It has now been a couple of weeks since Alberta Premier Jim Prentice floated the idea of a provincial sales tax in a speech to the Edmonton Economic Development Corporation (EEDC) luncheon (a trial balloon which Albertans soon overwhelmingly deflated, according to a somewhat-questionable poll on the issue).
However, there are clearly better options than another regressive tax for the premier to consider in the effort to bring in much-needed "new management" and more steady and predictable government revenues, which Alberta needs in order to provide stable funding for education, health care, infrastructure, roads, and social services of all sorts – essential public goods that we fund collectively.
The simple reality is that Alberta suffers from both the highest level of income inequality in Canada and the highest personal debt loads, and good social programs and fair taxation are the surest ways to make needed improvements in one of Canada’s wealthiest provinces.
The most recent oil-price-crash-fuelled Government of Alberta revenue crisis provides ample opportunity to evaluate our priorities and to determine the best way forward for the province. But one value is clear enough: more regressive taxation policies (“regressive taxation” meaning taxation rates that disproportionately apply to the taxable income of low and middle income earners), such as a provincial sales tax (PST) or harmonized sales tax (HST), new or increased “sin” taxes, or a return to health care premiums, is not what Alberta needs if we hope to lessen income inequality in the province.
For years, progressive researchers like the Parkland Institute and advocacy groups have demonstrated that Alberta does not have a spending problem, and that further austerity measures are therefore not needed. Even prior to the 1992-2006 Ralph Klein era that focused intensely on cuts to public services, one Progressive Conservative (PC) government after another had closely monitored government spending. As a consequence, the Alberta Government ranks in the low- to middle-range in terms of government per capita expenditures when compared to the other provinces. In terms of program expenses relative to GDP, Alberta spends the least on programs and services per capita due to the sheer size of the economy.

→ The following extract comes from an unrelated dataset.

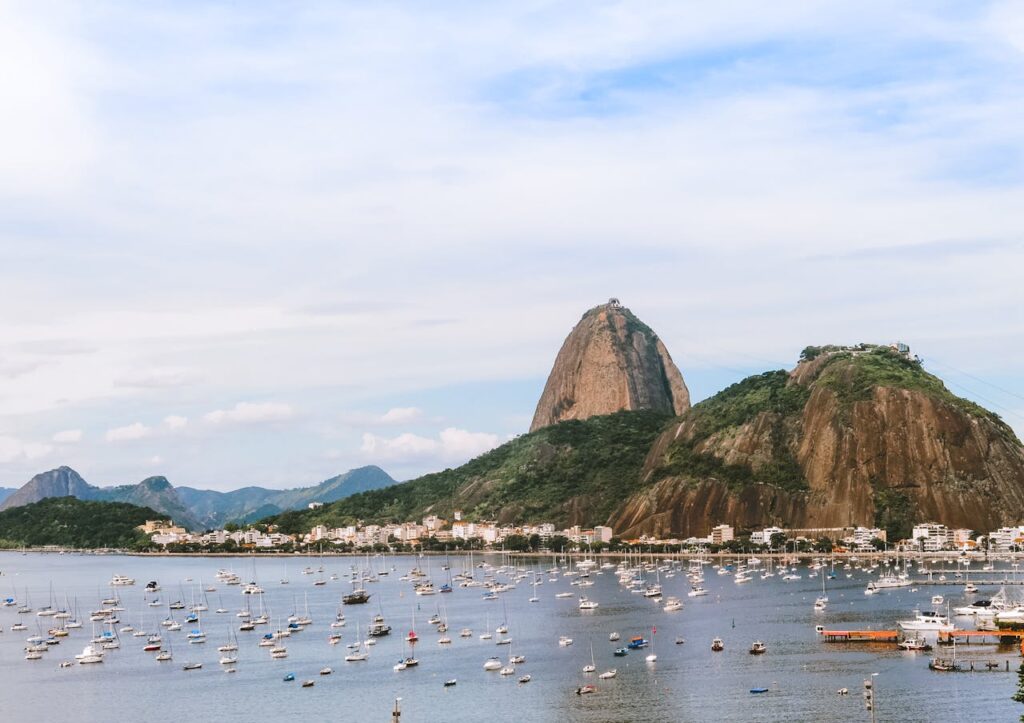 pexels florencia potter 82066 351283 1024x723 - Complete Guide: Adventure Tourism in Brazil – Unmissable Destinations!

Alberta also has a massive infrastructure deficit dating back to the Klein-era cuts. As former finance minister Doug Horner noted last week during his resignation announcement, “There is no business person that I have talked to that is involved in a growing economy that would tell you we should do what we did in the ’90s, which was balance the budget by not building a school. It makes no sense.”

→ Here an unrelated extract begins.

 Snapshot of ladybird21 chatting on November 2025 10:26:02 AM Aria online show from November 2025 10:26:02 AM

Successive Progressive Conservative governments have been reluctant to even discuss the revenue side of the budget that funds public goods, but there are some indications that newly elected Jim Prentice represents an exception to this rule, at least to date.
The Government of Alberta restructured the provincial income tax system beginning in 2000, eventually replacing graduated personal (PIT) and corporate income (CIT) tax regimes with a 10% flat provincial income tax rate for all but small business corporations, which pay a flat tax rate of just 3%.
From a government revenue perspective, the results speak for themselves. Over the past 15 years, Alberta has shifted a greater tax share from high-income earners in the province to low- and middle-income earners (those who make up to $100,000 per year, roughly 95% of Albertans), while reducing it for those who can afford it most (those individuals who make over $100,000 annually and corporations with 50 or more employees).
The government's move to cut the provincial corporate income tax (CIT) rate from 15.5% to 10%, reducing by around $30 billion since 2001 the amount of tax revenue paid to Alberta government coffers by national and international corporations. Alberta has the lowest corporate income tax rates in Canada (the national average is 12.6%) and, when compared to the other provinces, forgoes billions of dollars in potential revenue annually.
As such, without even getting into Alberta’s much-needed resource royalty reforms, Albertans suffer from a series of government-inflicted revenue wounds as a result of the "flat tax." If Premier Prentice truly wants to stop the bleeding, and demonstrate that he's truly interested in learning from past mistakes and in taking the province in a new direction, he should focus on implementing the following policy changes in the forthcoming budget:
- introduce a new multi-tax bracket system aimed to increase government revenues;
- enhance low-income supports through progressive income taxes;
- increase corporate tax rates for general business corporations with annual profits over $5 million;
- increase non-renewable resource royalty rates;
- use the Alberta Heritage Savings Trust Fund to collect and manage all non-renewable resource revenues (with only small amounts transferred annually into general revenues)
Tax cuts have for years been misleadingly sold as Alberta’s "tax advantage," despite the fact that the flat tax has not been advantageous for the majority of Albertans. The changes announced in 2000 have meant increased taxes for the working poor and middle class in the province, and have reduced the government revenues needed to support social programs that all Albertans, especially those with lower personal incomes, rely upon.
In the government's own words, "If Alberta had any other tax system, Albertans and Alberta businesses would pay at least $11 billion more in taxes each year." Even a portion of that $11 billion in forgone revenue would go a long way in dealing with Alberta's current financial woes.
It is time to reform the tax system to the benefit of all Albertans.